Mein neues Werk der Comic-Musik ZEIT UND ZEIGE – Show Time Music (klingt eine Spur zu heideggerisch, bot sich aber sehr aufdringlich an), eine knapp viertelstündige Suite für teils kleine bis mittlere Orchesterbesetzung nach neun in einem alten Familienalbum aufgefundenen Fotografien, ist wiederum ein synästhetisches Experiment. Das älteste Foto zeigt dieHochzeit meiner Großeltern Rosa und Georg 1919, das späteste ein ländliches Familienfest 1941.

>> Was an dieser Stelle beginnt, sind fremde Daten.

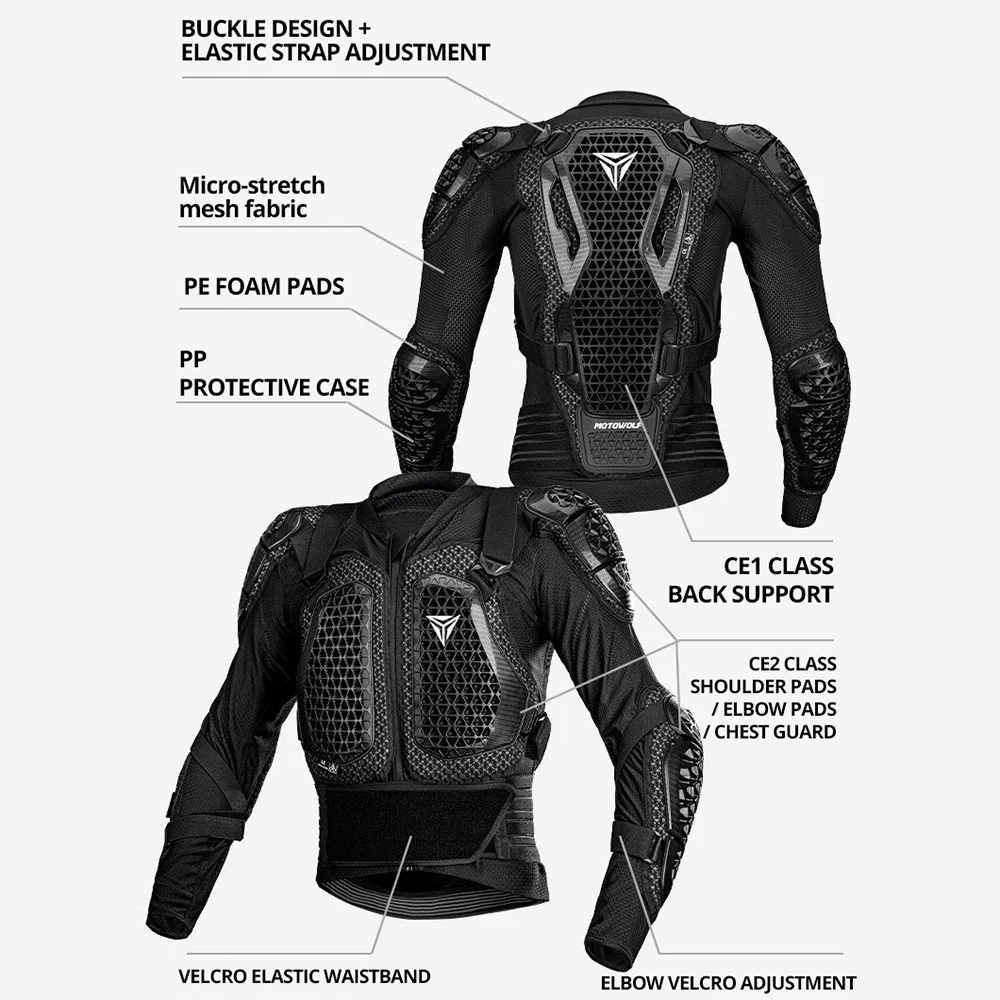 Motorcycle Jacket Men Motorbik - Motorcycle Gear For Men recension och pris
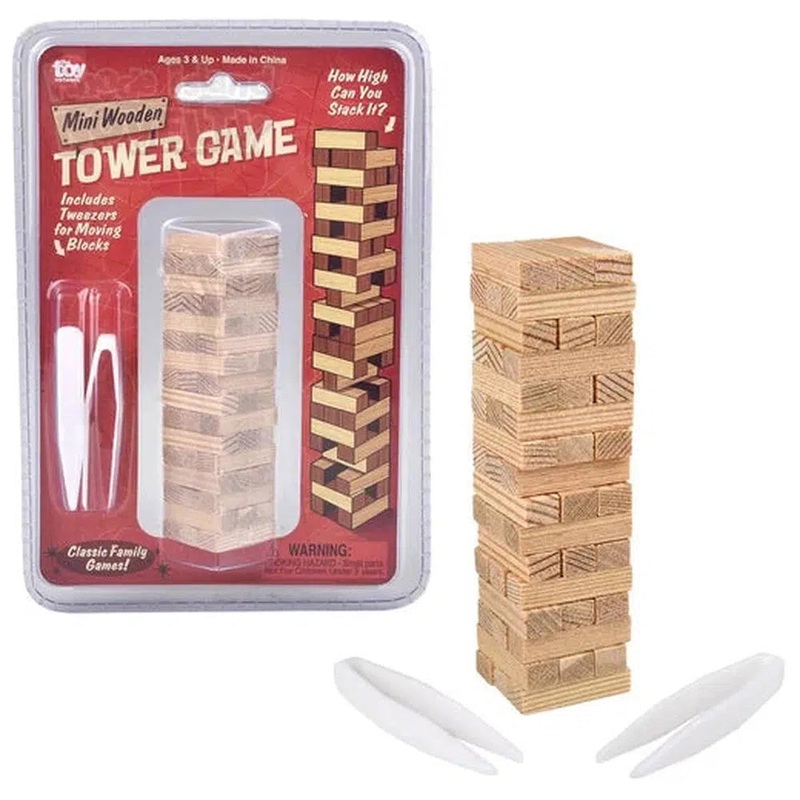Mini Tumbling Towers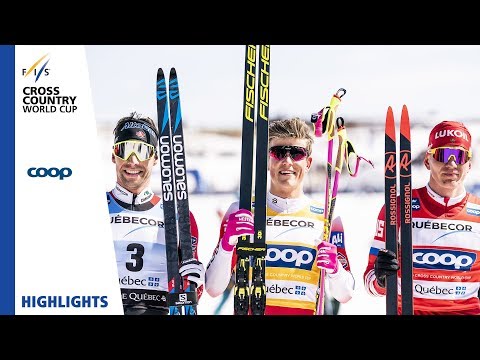 Highlights | Majestic Klæbo ends season in style | Men's Pursuit | Quèbec | FIS Cross Country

Ich habe diese Bilder bewusst vorrangig heiter, kapriziös, beinahe schelmenhaft vertont, entsprechend dem Gemütszustand der darauf Abgebildeten. Nur hin und wieder schleichen sich sinistre Töne ein. Das Experiment besteht darin, das Idyll dieser Musik durch die Konnotation der Bildüberschriften in einen Grusel-Score zu verwandeln.
Die Fotografien selbst werden nicht gezeigt, in den Gehirnen der Zuhörer werden dafür ähnliche Bilder aus dem eigenen Umfeld abgerufen. Solche Fotos, vor allem wenn es sich um schon vergilbte Schwarz-Weiß-Fotografien handelt, sondern meist eine mysteriös weitgefächerte Gefühlspalette ab, von der Nostalgie, der Sentimentaltiät, dem Erstaunen darüber, wie wenig Zeit eigentlich seit dem Gezeigten verflossen ist (wie viel Fortschritt also erzielt wurde…) bis hin zum nur als Bildungsfolie vorhandenen historischen Grauen, der nirgendwo sichtbaren oder hörbaren Folge des 2. Weltkrieges bzw. des Holocausts. Hinzukommt der Grundgrusel fast aller alten Bilder, die inzwischen Verstorbene in einem glücklichen Augenblick ihres Lebens zeigen.
Wie schon bei MUSIK AM HOFE DES KAISERLICHEN IMPERATORS ergänzen sich Musik und Schrift zu einem geistigen (‚imaginär‘ wäre hier ein reizend widergängiges Wort) Film. Die Musik erfährt selbstverständlich eine Wechselwirkung und Sonderdeutung durch die Bildinhalte. Die zum Foto von 1941 bekommt zum Beispiel nur durch das Datum etwas von hoffnungsvoller Welteroberungsfeier, die von der Emigration des Onkel Fritz 1939 nach USA einen Ällabätsch-Faktor des gerade noch einmal Entkommen-Seins.